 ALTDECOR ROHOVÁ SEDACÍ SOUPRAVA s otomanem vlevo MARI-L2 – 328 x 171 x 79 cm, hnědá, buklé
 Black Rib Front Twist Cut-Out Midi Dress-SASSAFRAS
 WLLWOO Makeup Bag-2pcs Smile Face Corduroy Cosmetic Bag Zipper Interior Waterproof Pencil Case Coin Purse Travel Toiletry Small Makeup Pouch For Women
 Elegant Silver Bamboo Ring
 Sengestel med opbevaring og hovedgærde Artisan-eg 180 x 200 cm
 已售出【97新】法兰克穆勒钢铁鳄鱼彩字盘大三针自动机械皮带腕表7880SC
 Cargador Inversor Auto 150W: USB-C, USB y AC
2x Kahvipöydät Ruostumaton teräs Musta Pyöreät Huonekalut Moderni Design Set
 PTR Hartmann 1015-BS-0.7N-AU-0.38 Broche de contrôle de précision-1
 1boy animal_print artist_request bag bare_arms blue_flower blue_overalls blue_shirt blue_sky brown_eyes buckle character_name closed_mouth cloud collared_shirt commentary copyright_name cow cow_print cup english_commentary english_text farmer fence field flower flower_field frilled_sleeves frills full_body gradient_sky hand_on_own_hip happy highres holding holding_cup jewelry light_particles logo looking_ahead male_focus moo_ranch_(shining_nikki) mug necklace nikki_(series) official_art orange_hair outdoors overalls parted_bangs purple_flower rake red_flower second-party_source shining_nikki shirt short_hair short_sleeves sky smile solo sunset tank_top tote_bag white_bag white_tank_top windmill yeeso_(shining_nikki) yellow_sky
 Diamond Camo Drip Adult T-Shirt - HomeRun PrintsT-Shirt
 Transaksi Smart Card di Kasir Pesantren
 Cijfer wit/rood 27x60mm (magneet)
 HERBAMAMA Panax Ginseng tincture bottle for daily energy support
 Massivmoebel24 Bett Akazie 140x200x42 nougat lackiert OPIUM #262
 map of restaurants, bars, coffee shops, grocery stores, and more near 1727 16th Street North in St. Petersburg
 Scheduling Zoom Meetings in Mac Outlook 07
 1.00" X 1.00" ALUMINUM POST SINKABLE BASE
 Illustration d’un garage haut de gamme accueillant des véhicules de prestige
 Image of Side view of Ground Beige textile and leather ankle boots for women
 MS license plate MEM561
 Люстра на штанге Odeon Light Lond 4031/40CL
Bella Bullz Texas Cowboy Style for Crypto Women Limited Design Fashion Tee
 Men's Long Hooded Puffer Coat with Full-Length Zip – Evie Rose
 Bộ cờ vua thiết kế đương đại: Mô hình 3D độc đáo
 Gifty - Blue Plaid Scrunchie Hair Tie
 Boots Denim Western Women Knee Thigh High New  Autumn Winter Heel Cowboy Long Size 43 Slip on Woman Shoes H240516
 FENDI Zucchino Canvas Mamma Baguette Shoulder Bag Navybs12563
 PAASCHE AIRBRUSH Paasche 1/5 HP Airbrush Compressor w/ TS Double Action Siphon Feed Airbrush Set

★ ★ ★ ★ ★ ★ ★

HOW TO COMPLETE THIS TASK:
All lines in the listing above between the line with "已售出【97新】法兰克穆勒钢铁鳄鱼彩字盘大三针自动机械皮带腕表7880SC" and the line with "Scheduling Zoom Meetings in Mac Outlook 07", inclusive, should be set down exactly, and no line outside that range.

WRITTEN ANSWER:
 已售出【97新】法兰克穆勒钢铁鳄鱼彩字盘大三针自动机械皮带腕表7880SC
 Cargador Inversor Auto 150W: USB-C, USB y AC
2x Kahvipöydät Ruostumaton teräs Musta Pyöreät Huonekalut Moderni Design Set
 PTR Hartmann 1015-BS-0.7N-AU-0.38 Broche de contrôle de précision-1
 1boy animal_print artist_request bag bare_arms blue_flower blue_overalls blue_shirt blue_sky brown_eyes buckle character_name closed_mouth cloud collared_shirt commentary copyright_name cow cow_print cup english_commentary english_text farmer fence field flower flower_field frilled_sleeves frills full_body gradient_sky hand_on_own_hip happy highres holding holding_cup jewelry light_particles logo looking_ahead male_focus moo_ranch_(shining_nikki) mug necklace nikki_(series) official_art orange_hair outdoors overalls parted_bangs purple_flower rake red_flower second-party_source shining_nikki shirt short_hair short_sleeves sky smile solo sunset tank_top tote_bag white_bag white_tank_top windmill yeeso_(shining_nikki) yellow_sky
 Diamond Camo Drip Adult T-Shirt - HomeRun PrintsT-Shirt
 Transaksi Smart Card di Kasir Pesantren
 Cijfer wit/rood 27x60mm (magneet)
 HERBAMAMA Panax Ginseng tincture bottle for daily energy support
 Massivmoebel24 Bett Akazie 140x200x42 nougat lackiert OPIUM #262
 map of restaurants, bars, coffee shops, grocery stores, and more near 1727 16th Street North in St. Petersburg
 Scheduling Zoom Meetings in Mac Outlook 07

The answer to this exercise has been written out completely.